User guide
Architecture

Fig. Kuha2 service architecture diagram.
In a typical usage scenario, the repository owner submits DDI files to the Document Store using Kuha Client. Document Store then stores the metadata into a database. Repository handlers implement different harvesting protocols such as OAI-PMH and query the Document Store accordingly. Only repository handlers should be exposed to external use (that is, to harvesters). If access control or traffic shaping is required, Kuha2 can be deployed behind an API gateway or some other proxy.
Kuha2 components communicate to each other through RESTful APIs and the use of the Document Store is not restricted to DDI. It is possible to bypass Kuha Client and use the Document Store API directly to submit metadata to the Store.
Getting started
Once the installation is complete, you may wish to populate Document Store with some example data in order to see how the software works. This guide will demostrate how to populate Document Store with example data. The guide assumes all Kuha2 software components are installed on localhost and using default configuration values.
Also refer to OAI-PMH documentation and OSMH documentation for information about the protocols.
Note
The commands in this guide may change in future versions of Kuha Client. Refer to Kuha Client documentation for current commands and configuration parameters.
Synchronizing metadata
Kuha Client is used to keep Document Store up to date with metadata
records stored in a filesystem. It provides a command line interface
kuha_sync
which updates records to Document Store. The process
assumes that every run contains the whole batch of records that needs
to be available from Kuha. In other words, every run deletes all
records that were not found from the processed metadata records. This
behaviour can be changed via configuration.
Import Study in DDI
1.2.2.
to create a single
Study with study number study_1
and a single StudyGroup with
identifier serie_1
. The Study and StudyGroup contain some
localized content marked with xml:lang
attributes.
Import the XML metadata to Document Store
kuha_sync --document-store-url=http://localhost:6001/v0 ddi122_minimal_study.xml
The metadata is now available via OAI-PMH.

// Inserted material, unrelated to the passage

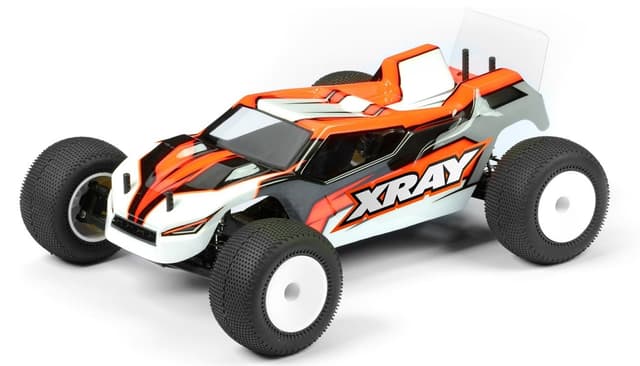 XRAY XT2C 2023 - 2WD 1/10 Stadium Kit - Carpet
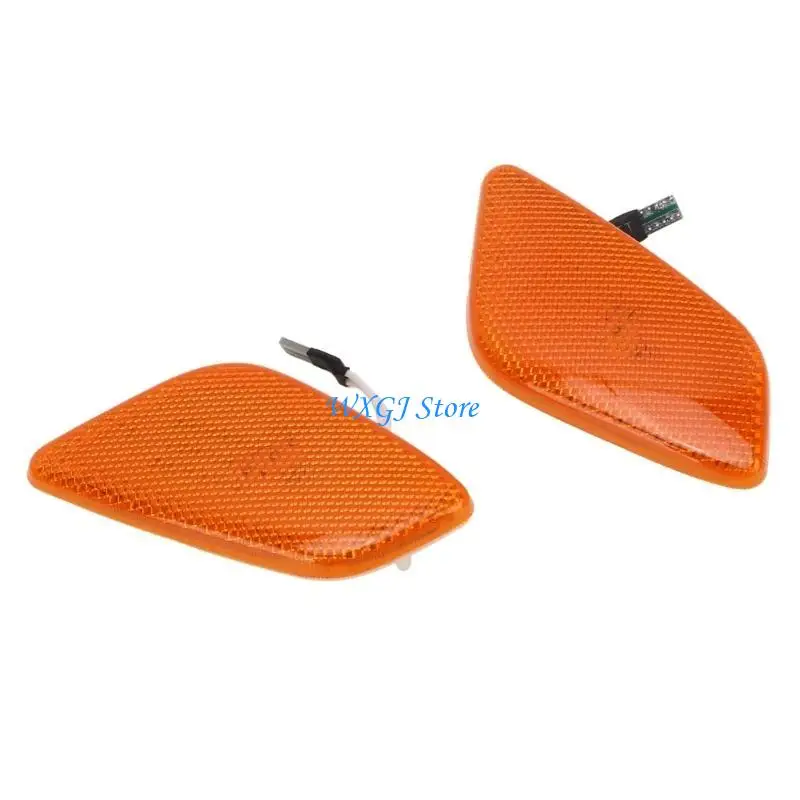 

37JE LED Side Marker Light Replaces 55155629AC 55155628AC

curl "http://localhost:6003/v0/oai?verb=GetRecord&metadataPrefix=ddi_c&identifier=study_1"
And OSMH.
curl "http://localhost:6002/v0/GetRecord/Study/study_1"
curl "http://localhost:6002/v0/GetRecord/StudyGroup/serie_1"
Study in DDI 2.5.
is a similar example, but
serialized in DDI 2.5. It creates a single Study with study number study_2
and a single StudyGroup with
identifier serie_2
. The Study and StudyGroup also contain some localized content.
Import the XML metadata to Document Store.
kuha_sync --document-store-url=http://localhost:6001/v0 ddi25_minimal_study.xml
The metadata is now available via OAI-PMH.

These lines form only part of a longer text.